夢を追いかける二人が手を差し伸べ合うラストには、未来への希望が優しく差し込んでいた。

・アリーナ・ザギトワ with Ensemble
 「Conga」(FaOI BAND/露崎春女/エリアンナ)

・織田信成、ロランス・フルニエ・ボードリー&ギヨーム・シゼロン、ステファン・ランビエールwith Ensemble
 「愛のコリーダ」/「September」(FaOI BAND/露崎春女/エリアンナ)

「ファンタジー・オン・アイス2025」でのディスコメドレー
Ⓒ Fantasy On Ice 2025 

第一部のラストを飾ったのは、70〜80年代のディスコメドレー。
ワイドカラーのジャケットやベルボトム、タイトなドレスにグリッターが光る、懐かしくも華やかな装いで登場したスケーターたち。ミラーボールのきらめきが氷面を照らし出せば、そこは一瞬で夢のダンスフロア。心躍らせるソウルフルな生歌唱、バンド演奏が臨場感を添える。

前半のディスコ・クイーンは、平昌オリンピック金メダリストのアリーナ・ザギトワさん。「Conga」の軽快なリズムにのった弾むようなダンスで、観客を一気にパーティの中心へと引き込んでいく。

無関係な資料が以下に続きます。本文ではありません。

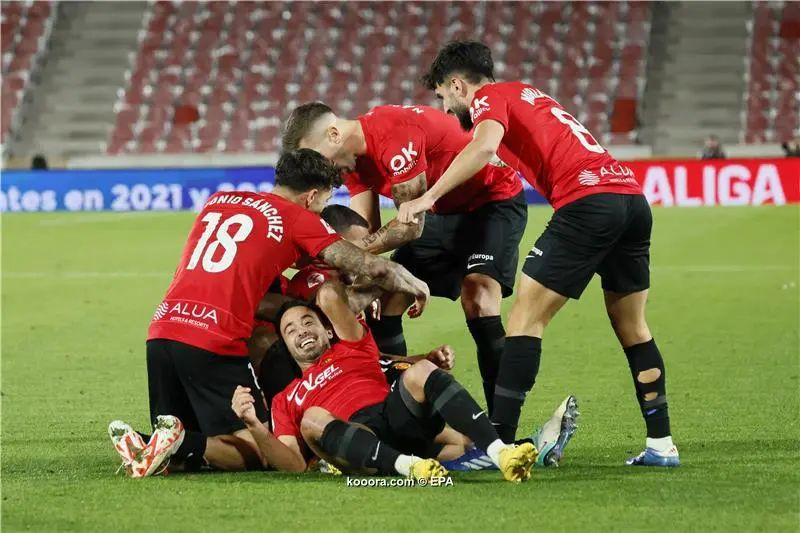 ?i=epa%2fsoccer%2f2023-12%2f2023-12-21%2f2023-12-21-11040369_epa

後半の主役は、織田信成さん、ロランス・フルニエ・ボードリー&ギヨーム・シゼロン組、ステファン・ランビエールさん。「愛のコリーダ」で勢いよくリンクに飛び出した織田さんがパワフルなジャンプを披露し、さっそく観客を煽ると、華やかにステップを踏みながら登場したランビエールさんが、全方向に笑顔と愛をふりまいていく。ボードリー&シゼロン組がその流れを受けて、鮮やかに空間を染め上げ、情熱的なメロディとともに、リンクを熱く包み込む。

続いて、ディスコミュージックの王道「September」の胸躍るメロディが流れると、パーティはいよいよクライマックスへ。輪になって踊るスケーターたちが次々と中央に飛び出し、思い思いの技を繰り出すシーンは、まさにディスコの再現。ファンクなビートに身を任せたダンスでリンク中を駆け回り、氷上のパーティの盛り上がりは最高潮に。客席全体をポジティブなパワーで満たし、第一部の幕は晴れやかに下ろされた。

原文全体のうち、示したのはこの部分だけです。